***** Please note that the infographics/charts of the Avian Influenza A(H7N9) virus presented were updated with public source information to 0001hrs 3 May 2013 CET/EST *****
In the past 24-hours of reporting there have been no new cases of H7N9 and as many as two fatalities, although only one death was fully reported via Xinhua. This brings the total for China to 128-cases including 26-deaths and Taiwan to 1-case without loss of life. Note that this includes asymptomatic cases.
There have been a number of reports, supported by organisations such as CIDRAP and FluTrackers.com which put the number of fatalities at 27. Given that only one fatality was identified on the 2nd May and the numbers seem to be including that person on top of the 26 announced via Xinhua in a weekly update I am going to keep my number at 26 until further information can be verified.
To date 20.2% of all known cases have been fatal. For context the Case Fatality Rate of SARS was 10.9%.
Although there were no new announcements on discharges today a weekly report stated that 26 people had recovered from the disease. That would increase the recovery number to 26 (20.2%) and asymptomatic cases at one (0.7%).
The most recent fatality reported by Chinese media was on the 2nd May 2013 via Xinhua.

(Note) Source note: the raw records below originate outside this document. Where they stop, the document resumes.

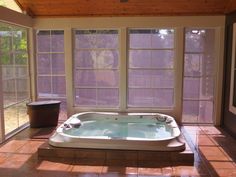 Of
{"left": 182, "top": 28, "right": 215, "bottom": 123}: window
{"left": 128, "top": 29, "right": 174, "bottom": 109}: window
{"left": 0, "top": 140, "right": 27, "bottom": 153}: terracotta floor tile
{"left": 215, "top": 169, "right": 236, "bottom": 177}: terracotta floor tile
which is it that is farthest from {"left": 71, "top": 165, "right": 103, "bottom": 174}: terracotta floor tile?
{"left": 182, "top": 28, "right": 215, "bottom": 123}: window

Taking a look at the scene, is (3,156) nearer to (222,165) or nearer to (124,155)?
(124,155)

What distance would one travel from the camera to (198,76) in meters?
5.97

Cumulative Cases (Zhejiang)
Yesterday I looked at cumulative cases (just cases and deaths) across the entire H7N9 dataset.

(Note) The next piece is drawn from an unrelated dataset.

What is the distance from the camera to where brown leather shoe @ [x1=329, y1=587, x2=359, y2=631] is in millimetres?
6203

Today I thought a look at the cases, fatalities, recoveries and Work-In-Progress (WIP) Case Fatality Rate (CFR) for Zhejiang only might be useful. Given the percentile of known H7N9 cases are very low and those still receiving treatment remains just below 70% the CFR should be seen as a useful guide only. Also of note is that Zhejiang has had no reported asymptomatic cases and as shown in the daily infographic we still have a ‘Fog of Flu’ or a lack of data around two deaths and three recoveries which may impact on this chart.

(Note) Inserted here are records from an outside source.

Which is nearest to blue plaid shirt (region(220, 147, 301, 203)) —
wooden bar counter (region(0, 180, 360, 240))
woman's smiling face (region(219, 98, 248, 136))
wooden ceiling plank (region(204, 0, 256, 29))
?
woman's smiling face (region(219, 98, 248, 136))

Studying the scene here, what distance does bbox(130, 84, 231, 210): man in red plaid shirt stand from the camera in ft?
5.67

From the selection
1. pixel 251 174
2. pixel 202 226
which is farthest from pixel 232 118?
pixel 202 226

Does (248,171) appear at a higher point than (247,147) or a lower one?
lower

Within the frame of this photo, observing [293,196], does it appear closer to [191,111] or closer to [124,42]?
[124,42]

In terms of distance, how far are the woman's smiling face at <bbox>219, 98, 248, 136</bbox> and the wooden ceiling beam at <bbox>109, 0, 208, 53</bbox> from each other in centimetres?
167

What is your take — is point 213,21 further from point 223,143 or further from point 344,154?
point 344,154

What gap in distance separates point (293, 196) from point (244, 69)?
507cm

Two data-points jump out at me.
Firstly, would be the lower WIP CFR of 13%, much lower than the entire disease average which stands at (20.2%) today.
The second and more interesting data-point is that after a sharp rise in cases between 2 April and 18 April (where new cases reported averaged 2.3 per day) there have been no cases reported now for 14-days.
I have always thought that data that is 100% correct or 100% absent is unusual and worth looking into further.
The fact that there has been no data from Zhejiang for two weeks is ‘unusual’.
Note: My previous post on H7N9 can be found at Random Analytics: H7N9 Infographic (to 1 May 2013)
- Updated Infographic section with note about 27th fatality.